Brief
One part of the entries below is wanted: the lines from the one containing "#ad Chris Trevino" through the one containing "HOMCOM faux leather". Write those out exactly and nothing else.

Dataset content
• • • • •

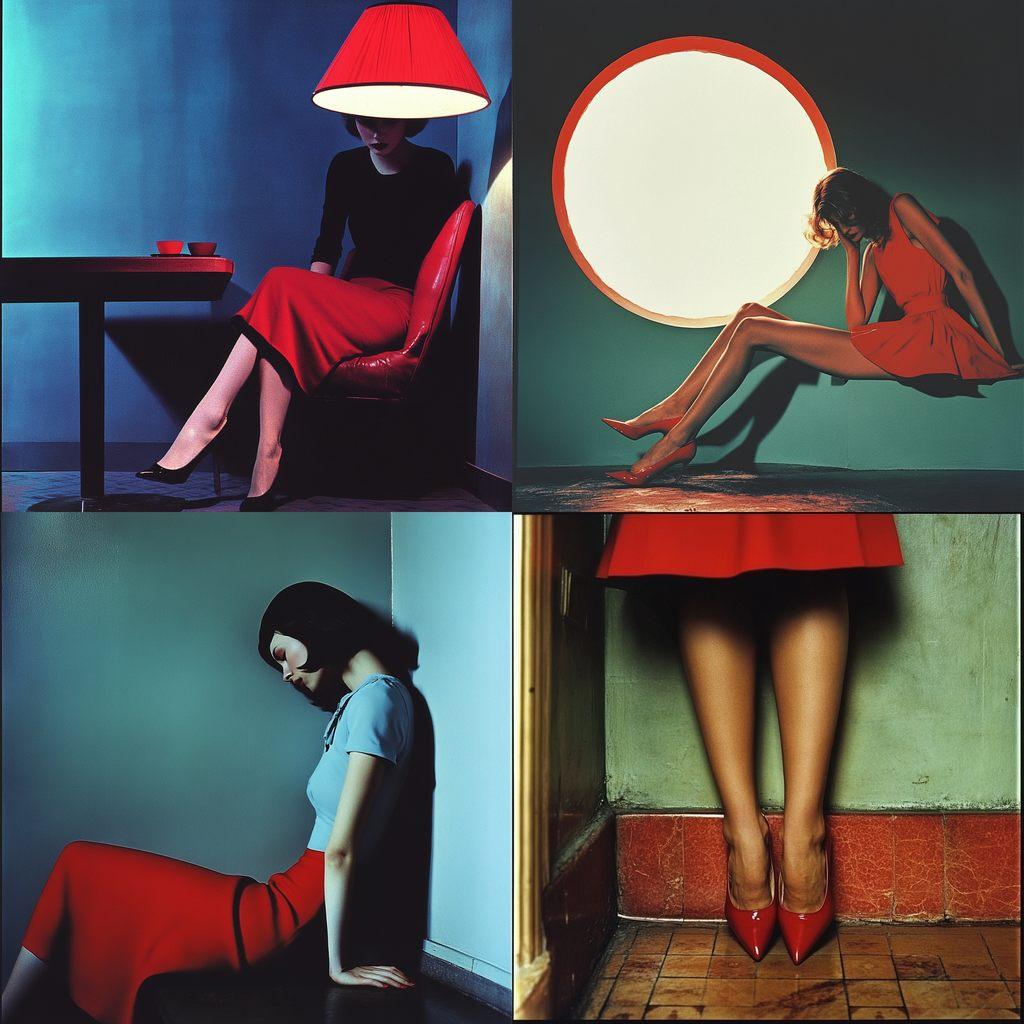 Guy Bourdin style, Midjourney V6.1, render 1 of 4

• • • • •

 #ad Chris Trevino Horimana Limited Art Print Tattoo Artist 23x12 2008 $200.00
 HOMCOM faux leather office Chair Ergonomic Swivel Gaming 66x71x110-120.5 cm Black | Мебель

• • • • •

Result for this task
 #ad Chris Trevino Horimana Limited Art Print Tattoo Artist 23x12 2008 $200.00
 HOMCOM faux leather office Chair Ergonomic Swivel Gaming 66x71x110-120.5 cm Black | Мебель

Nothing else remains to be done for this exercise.